**WORK INSTRUCTION**:
Retype all data exactly as given. Pictures should not be retyped.

*** Opening DATASET SECTION ***

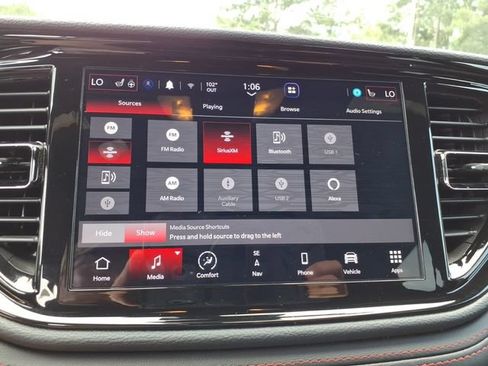 Used 2025 Dodge Durango GT AWD/4WD image 7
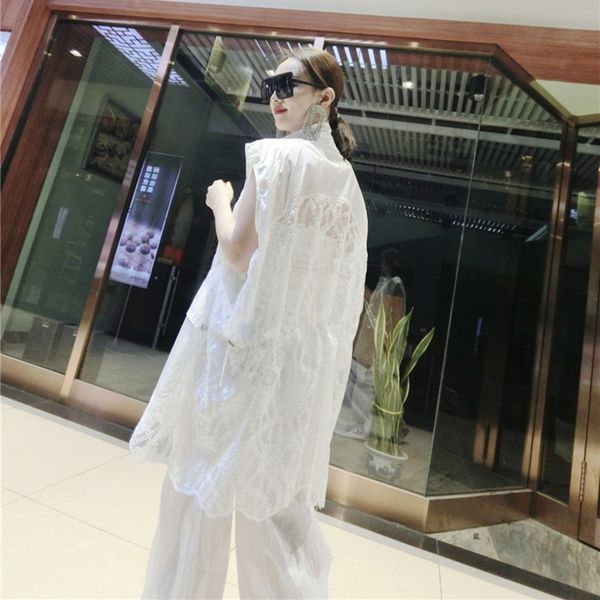 medium long korean loose embroidery open jacket summer wear women oversize asymmetric chiffon cardigan vest long lace, Black;white
medium long korean loose embroidery open jacket summer wear women oversize asymmetric chiffon cardigan vest long lace, Black;white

*** Closing DATASET SECTION ***

**OUTPUT FOR THIS EXERCISE**:
 Used 2025 Dodge Durango GT AWD/4WD image 7
 medium long korean loose embroidery open jacket summer wear women oversize asymmetric chiffon cardigan vest long lace, Black;white
medium long korean loose embroidery open jacket summer wear women oversize asymmetric chiffon cardigan vest long lace, Black;white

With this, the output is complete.